Day zero in Melbourne was August 6, when Victoria’s vaccination coverage for the eligible population (16 and over at the time) was 44 per cent for one dose and 21 per cent for two doses.
Some restrictions were eased 76 days later, as the growth curve plateaued, when Melbourne hit the 70 per cent target for fully vaccinated people aged 16 and over.
Lockdown was lifted for the fully vaccinated in Melbourne on November 19, 105 days after day zero.
For Sydney day zero was June 22 and, like Melbourne, some restrictions were lifted in Sydney when 70 per cent of people aged 16 and over were fully vaccinated, which was 111 days after day zero. By then, its curve had been falling for weeks.
From December 15, restrictions in Sydney will be eased even further with capacity limits for hospitality venues scrapped, along with its vaccine pass, meaning the unvaccinated can enter high risk venues. Vaccination coverage for those 16 and over is expected to be 93 per cent by then.
Auckland started day zero with about a quarter of people aged 16 and over fully vaccinated.
Restrictions were eased when Auckland was moved into level 3, and then into the steps of level 3 following advice from the public health teams on the ground that the risk was not material.
Each easing of restrictions drew concern about the impact it would have particularly on young Māori, but the growth curve has not risen sharply on the back of extensive efforts to vaccinate those populations in recent weeks.
Vaccination coverage among those receiving mental health or addiction support is much lower than the general population.
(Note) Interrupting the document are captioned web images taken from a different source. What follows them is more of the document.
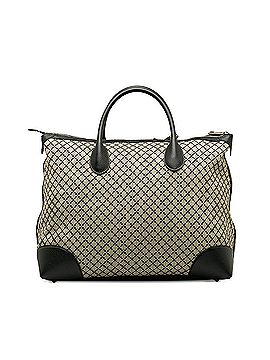 Gucci Large Diamante Travel Bag (view 2)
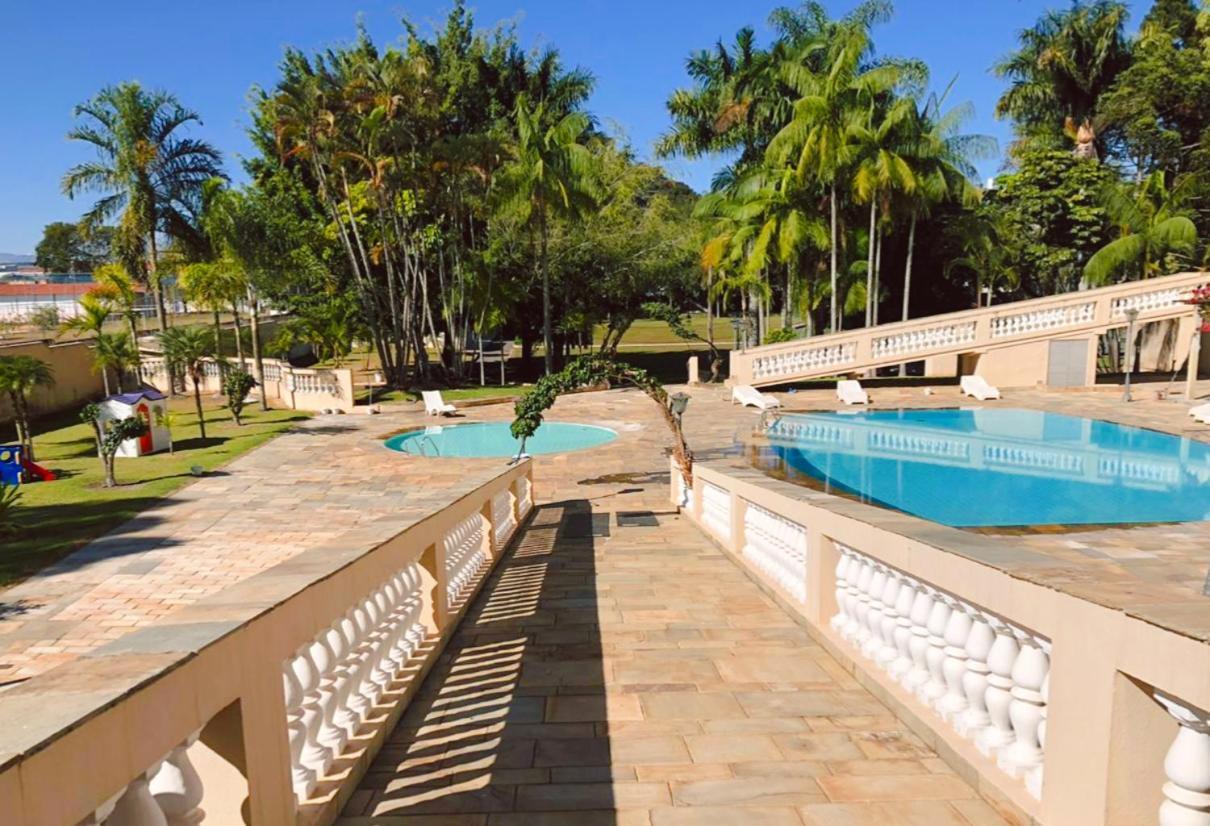 Hotel Parque Das Primaveras Jacutinga Exterior photo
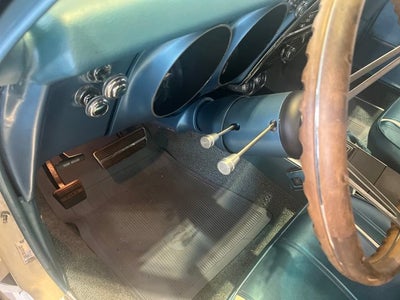 1967 Chevrolet Camaro Base
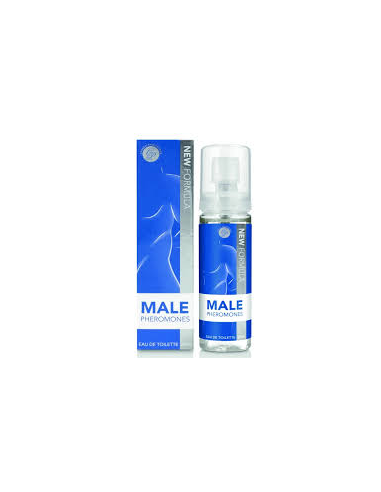Bigbuy Male Pheromones Eau De Toilette Eroticos 20 Ml de Bigbuy
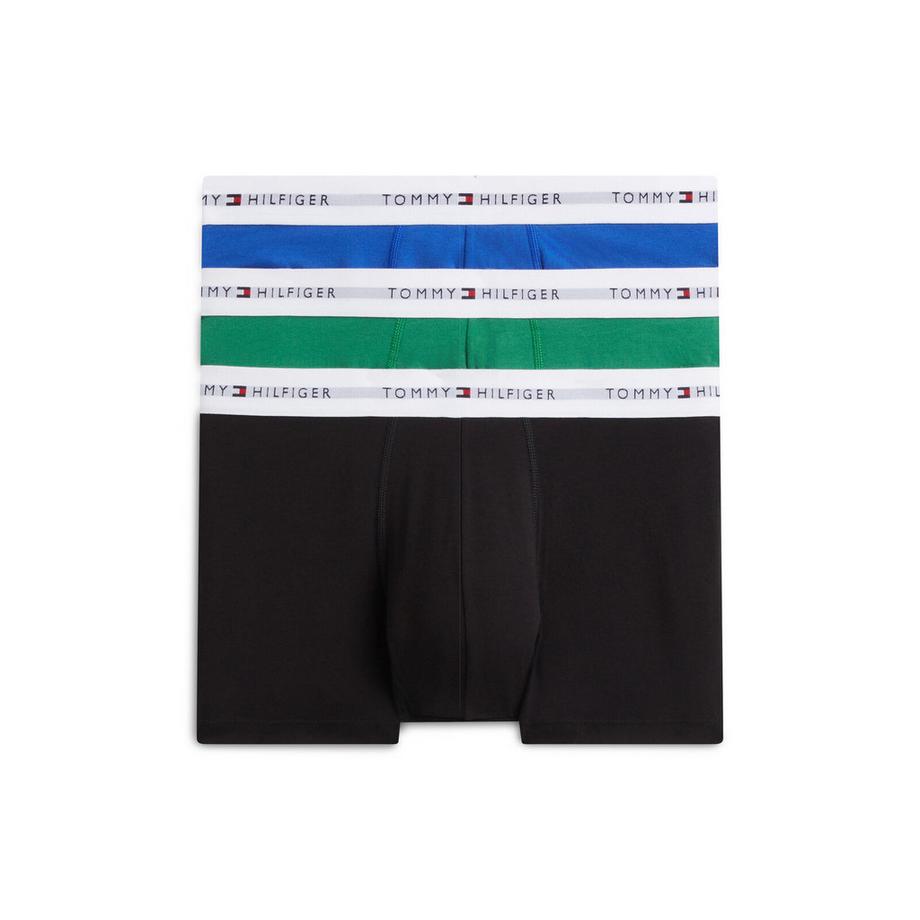 Cotton Stretch Pants
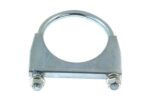 Exhaust clamp U-Clamp 54mm
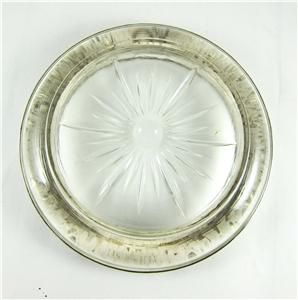 Whiting Sterling Silver Repousse Wine Coaster Set 3 Piece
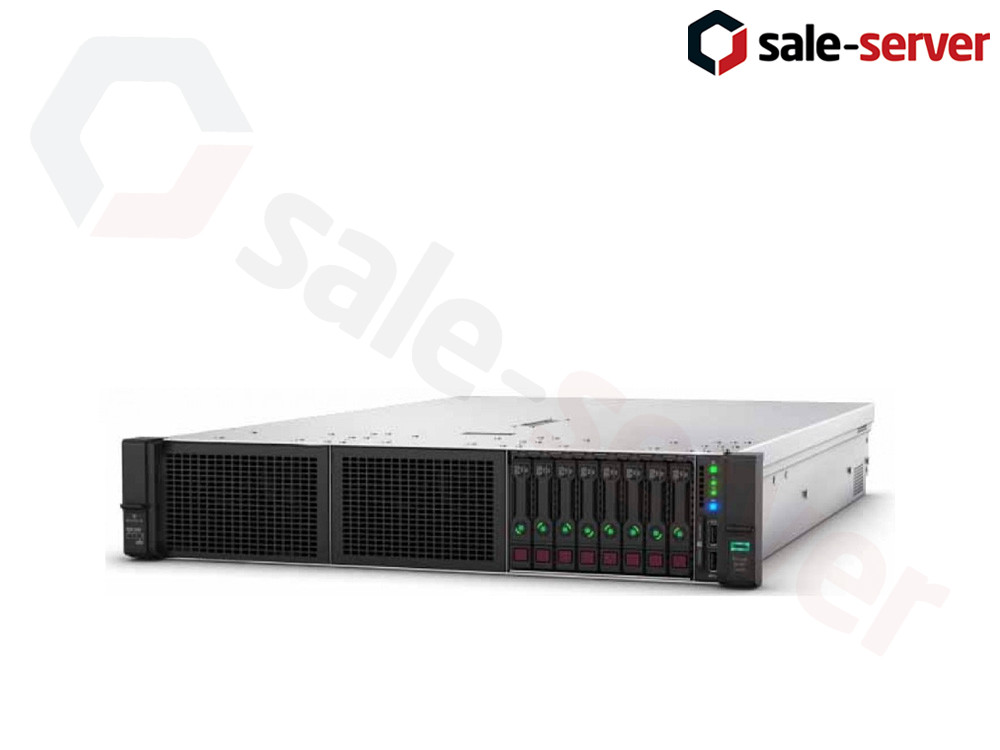 HP ProLiant DL380 Gen10 8xSFF / 2 x Gold 6134 / 10 x 16GB 2666V HP / P408i-a / 2 x 500W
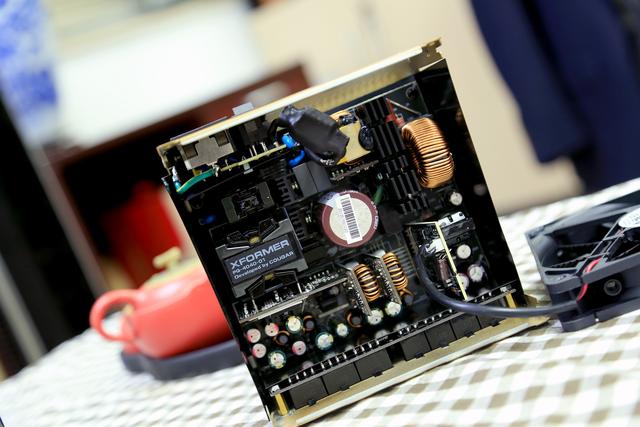 骨伽650电源评测,骨伽llc650电源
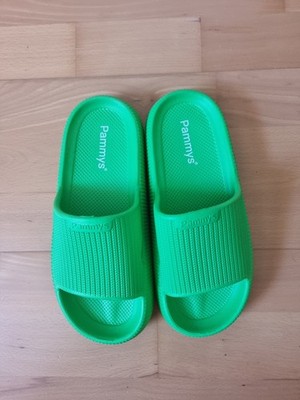Pammys neon grün Gr. 36/37 Neu
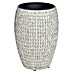 Pflanztopf Rattan Fishbone 
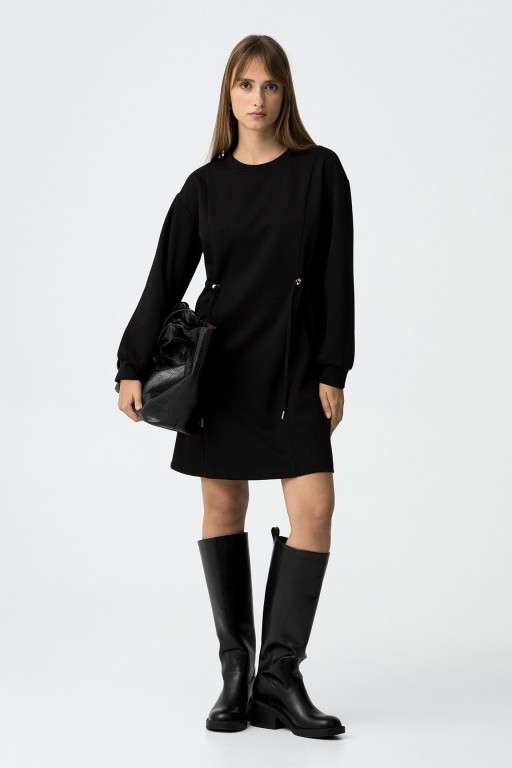 VESTIDO SUDADERA PEPPER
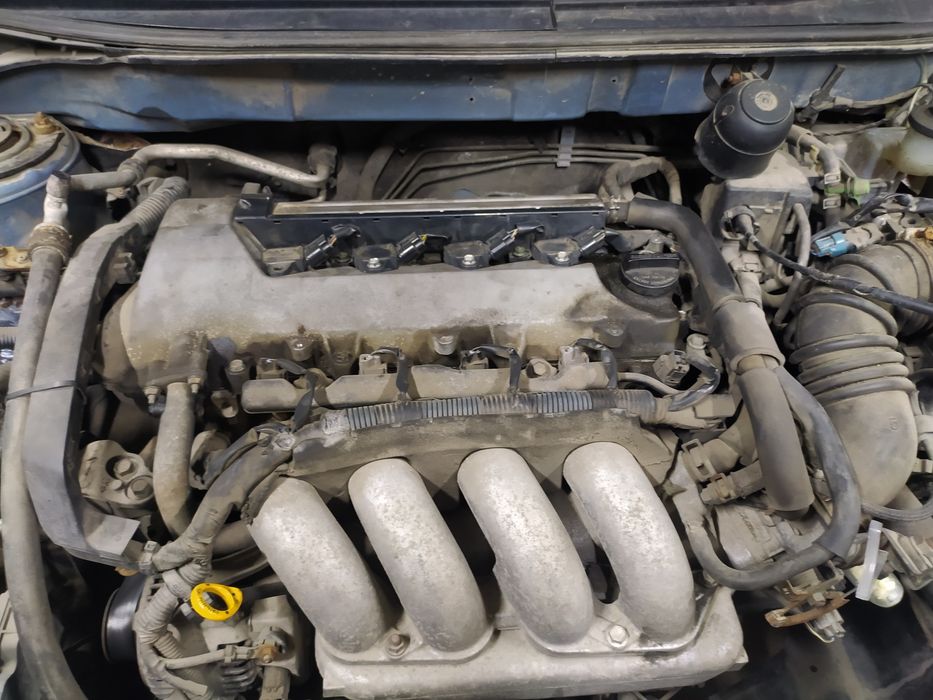 Silnik toyota 1.8 vvtli 2zz-ge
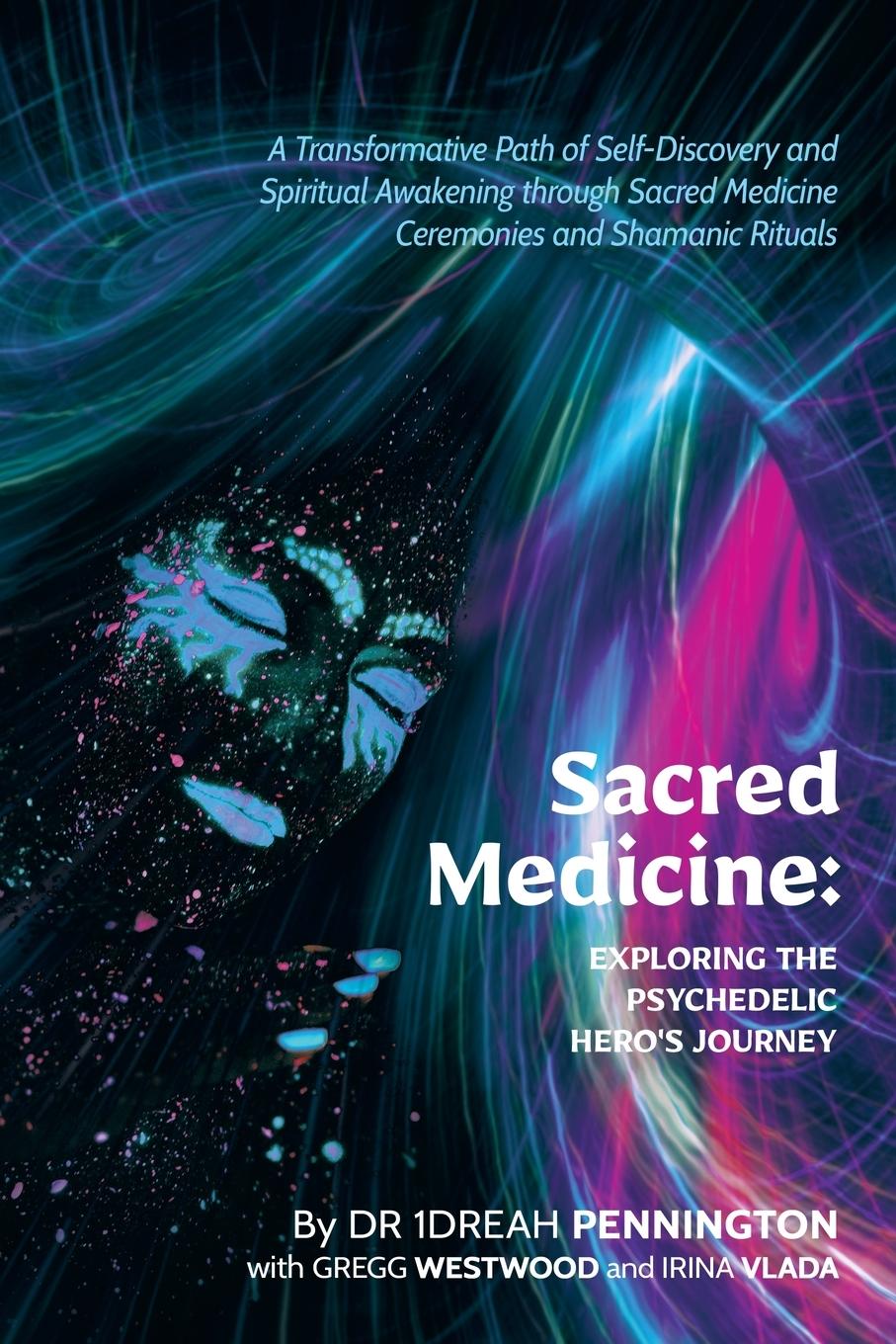 Knjiga Sacred Medicine Irina Vlada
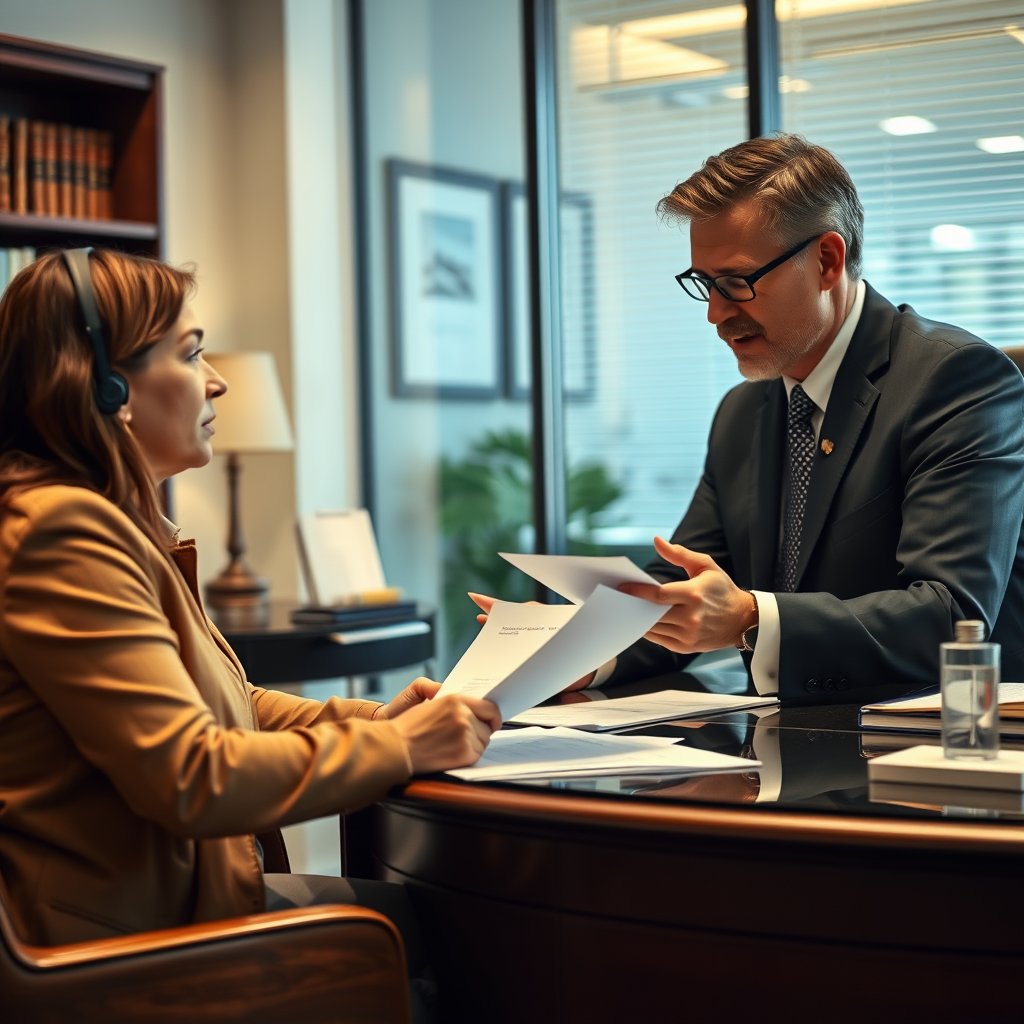 Obstruction Defense Lawyer Albemarle County, VA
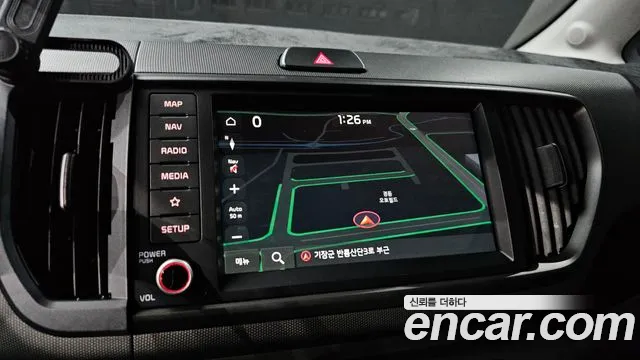 Kia RAY Новый Kia Ray Signature — Фото автомобиля 13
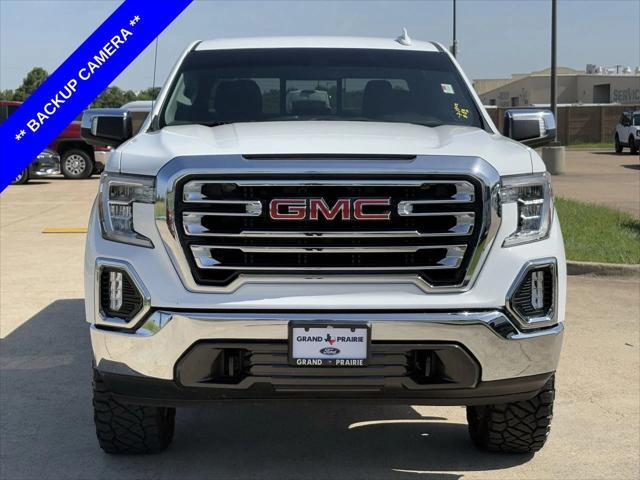 used 2022 GMC Sierra 1500 car, priced at $41,889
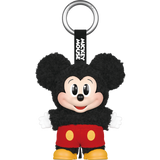 POP MART Mickey Family Cute keychain of Mickey Mouse with a white background
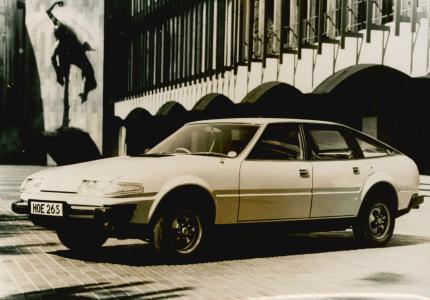Rover SD1 2600 S (foto 10)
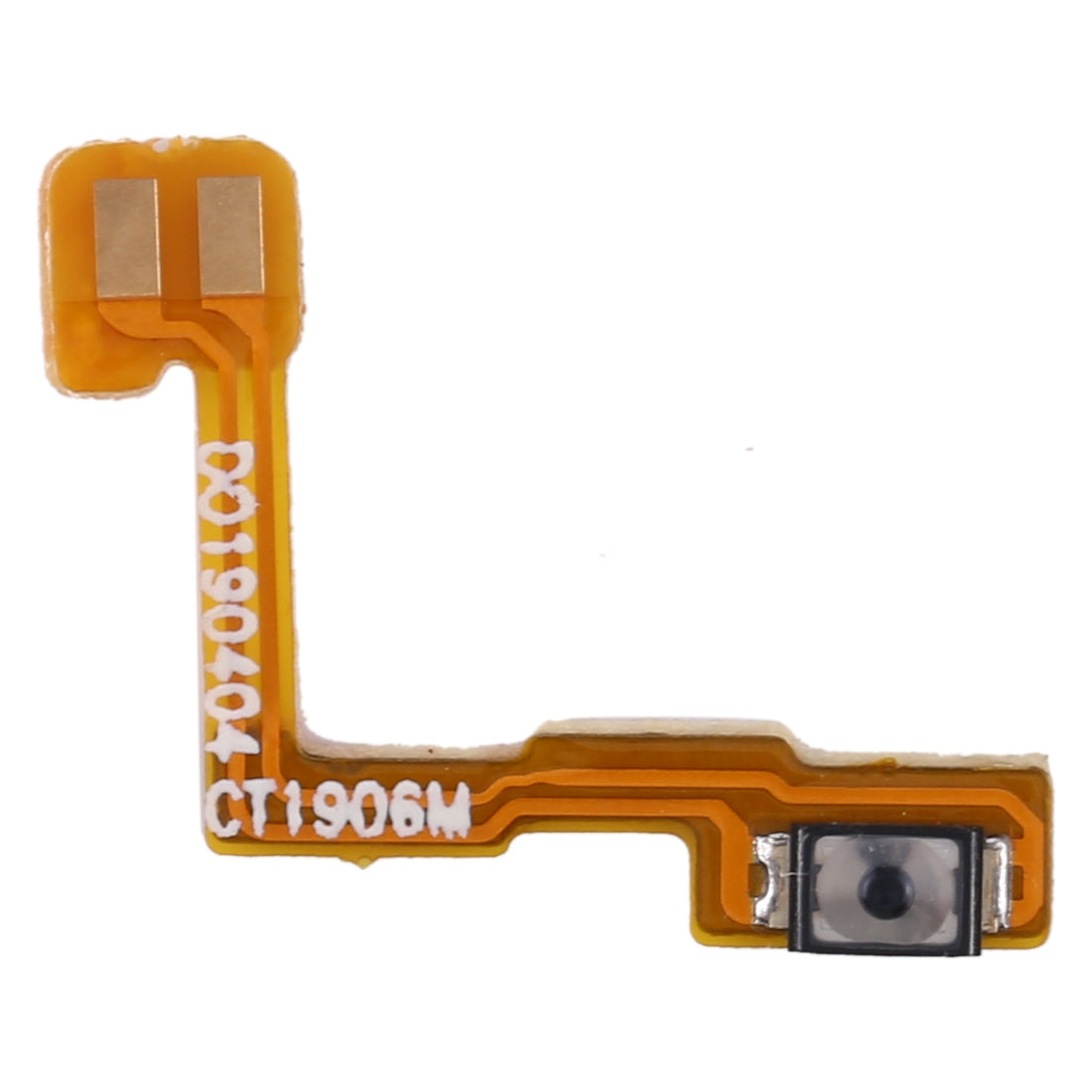 For OPPO Reno Power Button Flex Cable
Source / Tūtohi
Looking ahead, Hipkins said the Government had a proactive campaign to reach those receiving mental health and addiction support, where vaccination coverage is far behind the general population.
According to data platform Tūtohi, only 66 per cent of eligible people receiving such support are double dosed, while 79 per cent have had one dose.
The NZ Needle Exchange Programme has said getting support to take vaccinations to their clients has been a “postcode lottery”, with some DHBs being much better than others.
“There is a very active campaign amongst users of drug and alcohol services right now, and it has been happening for a couple of weeks off the back of what we’ve seen in this latest challenging period,” Hipkins said, referring to cases in Auckland and Waikato.